START MATERIAL PROVIDED

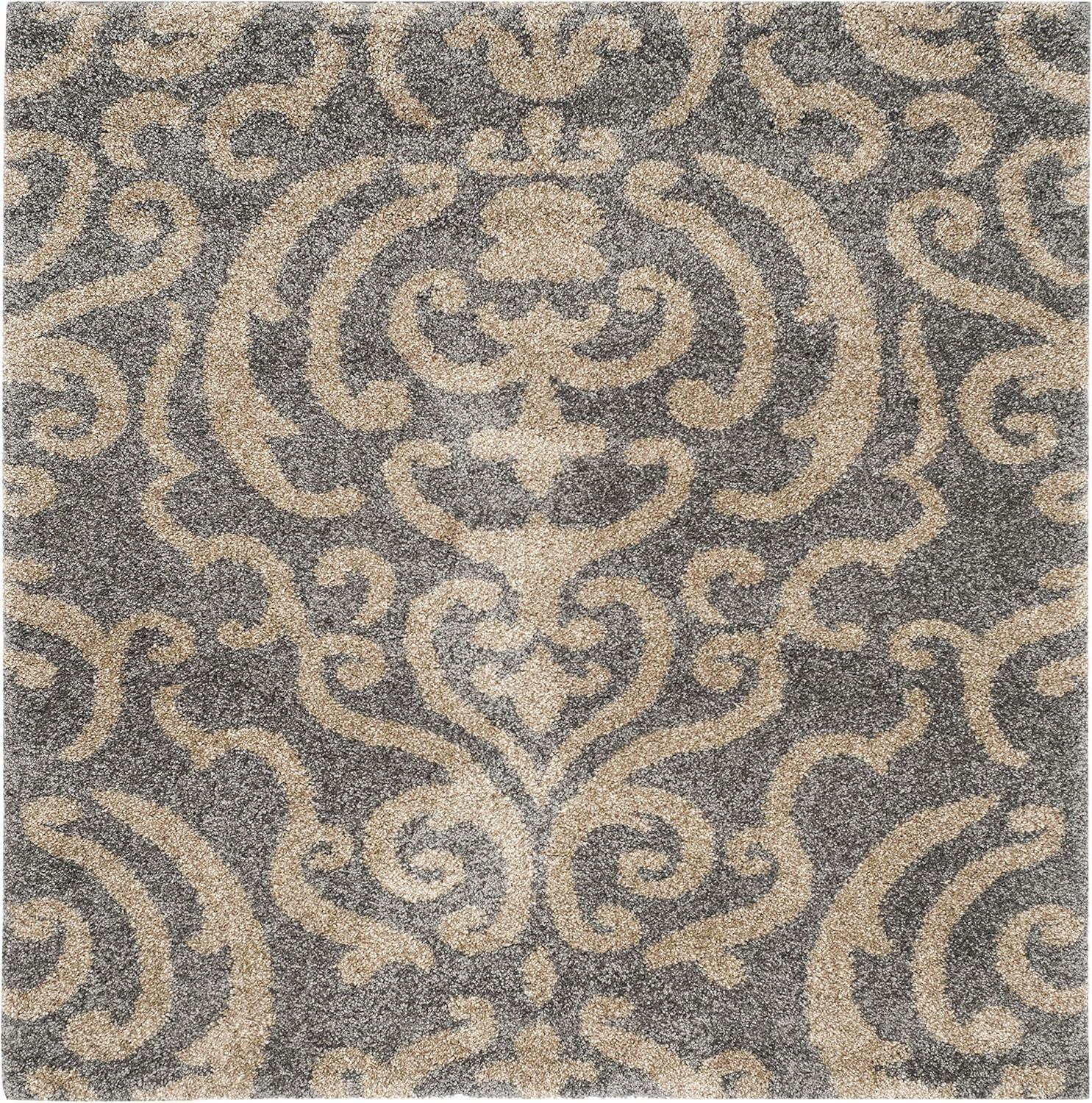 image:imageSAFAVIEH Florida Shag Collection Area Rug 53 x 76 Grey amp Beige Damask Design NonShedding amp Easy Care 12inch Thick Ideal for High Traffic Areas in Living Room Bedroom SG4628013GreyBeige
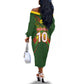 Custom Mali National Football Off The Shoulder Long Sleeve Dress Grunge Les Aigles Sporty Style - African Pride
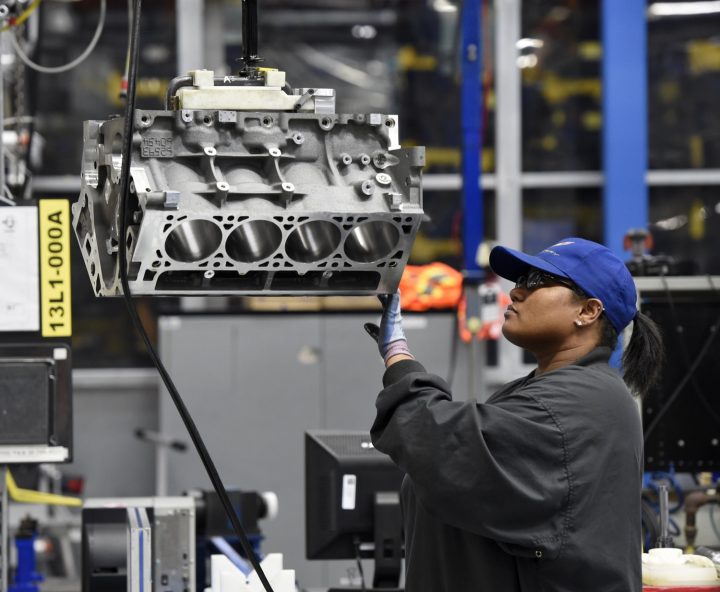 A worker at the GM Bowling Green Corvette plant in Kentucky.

END MATERIAL PROVIDED

The copy must match the listing above exactly but contain no pictures.

*RESULT FOR THIS TASK*
 image:imageSAFAVIEH Florida Shag Collection Area Rug 53 x 76 Grey amp Beige Damask Design NonShedding amp Easy Care 12inch Thick Ideal for High Traffic Areas in Living Room Bedroom SG4628013GreyBeige
 Custom Mali National Football Off The Shoulder Long Sleeve Dress Grunge Les Aigles Sporty Style - African Pride
 A worker at the GM Bowling Green Corvette plant in Kentucky.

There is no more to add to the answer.